HPSS: Client-side objects

Andrew Bennetts andrew at canonical.com
Tue Apr 17 10:00:51 BST 2007


Robert Collins wrote:
> On Tue, 2007-04-17 at 13:08 +1000, Andrew Bennetts wrote:
> > This subset of the full hpss diff adds RemoteBranch, RemoteRepository,
> > RemoteBzrDir, and some tests for those, and some other small changes.
> 
> Perhaps 'remote' should be a package with 
> remote/bzrdir.py
> remote/branch.py
> remote/repository.py

Perhaps.  I'm comfortable with leaving it as is for now.

> +# TODO: At some point, handle upgrades by just passing the
> +# whole request across to run on the server.
> 
> Perhaps this should be a bug?

Done.  https://bugs.launchpad.net/bzr/+bug/107173

> +class RemoteBzrDir(BzrDir):
> +    """Control directory on a remote server, accessed by HPSS."""
> 
> perhaps
>     """Control directory on a remote server accessed over bzr:."""

Yeah, "HPSS" is rather opaque.  However, your suggestion looks like a typo (even
though it isn't), and is slightly inaccurate.  I've changed it to this:

    """Control directory on a remote server, accessed via bzr:// or similar."""

> +        # XXX: We should go into find_format, but not allow it to find
> +        # RemoteBzrDirFormat and make sure it finds the real underlying
> format.
> +        self._real_bzrdir = None
> 
> I dont get this XXX - could you explain it a little more, or file a bug
> for it ?

Neither do I.  gannotate blames me, but I have no idea what I had in mind.

So I've simply deleted this XXX.  If the alleged problem is ever rediscovered,
then the rediscoverer can write a proper bug report for it :)

> +        #self._real_bzrdir._format.probe_transport(transport)
> 
> This comment can be removed
> 
> +        response = self._client.call('probe_dont_use', path)
> +        if response == ('no',):
> +            raise errors.NotBranchError(path=transport.base)
> 
> The probe_dont_use verb name should be changed. It seems like its a
> useful API to keep. Perhaps 'BzrDir.open' is the right name.

Done.  (And I've renamed and moved the relevant server request handler
appropriately.)

> +        if response == ('no',):
> +            raise errors.NotBranchError(path=transport.base)
> 
> This is clearly faulty in the case of e.g. 'barfoo' coming back as the
> response.

Added this check:

        if response not in [('yes',), ('no',)]:
            raise errors.UnexpectedSmartServerResponse(response)

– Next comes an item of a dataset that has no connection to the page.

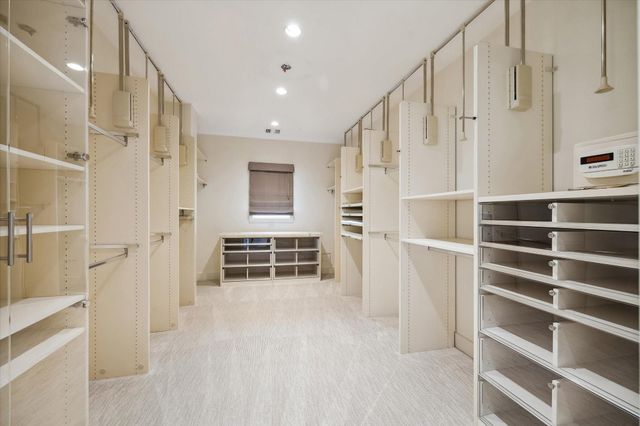 3738 Wickersham Ln, Houston, TX 77027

> +    def _ensure_real(self):
> +        """Ensure that there is a _real_bzrdir set.
> +
> +        used before calls to self._real_bzrdir.
> +        """
> 
> Perhaps the second line could start with 'U' :) (And elsewhere in
> remote.py)

Fixed.

> +        if not self._real_bzrdir:
> +            default_format = BzrDirFormat.get_default_format()
> +            self._real_bzrdir =
> default_format.open(self.root_transport,
> +                _found=True)
> 
> Why does this get a format object rather than calling
> 'BzrDir.open_on_transport' ?

Because calling BzrDir.open_from_transport here causes infinite recursion.

I've added this XXX to explain it:

            # XXX: We can't use BzrDir.open_from_transport here because it
            # causes infinite recursion, so just try opening the bzrdir with the
            # default format.

> +    def create_repository(self, shared=False):
[...]
> 
> These should have an '_ensure_real' guard. Perhaps _ensure_real() should
> return the thing, then you could do:
> return self._ensure_real().get_workingtree_transport(workingtree_format)

That would be cute.  Perhaps too cute :)

Anyway, I've fixed the missing calls to _ensure_real.

> +    For the moment everything is delegated to IO-like operations over
> +    the transport.
> +    """
> 
> 'perhaps most things' rather than 'everything'. Or better 'For the momst
> most operations are performed using local transport-backed Repository
> objects.'

Done.

> +    def get_revision_graph(self, revision_id=None):
> The body of this method strongly reminds me of the protocol cleanup we
> need. I think we should probably do that asap before merging the hpss
> client side objects - it will make the cleanup I would be asking for
> easier. (Which is - dont use assertions, catch errors correctly,
> re-raise appropriate errors locally).

I fixed one assert to raise UnexpectedSmartServerResponse instead.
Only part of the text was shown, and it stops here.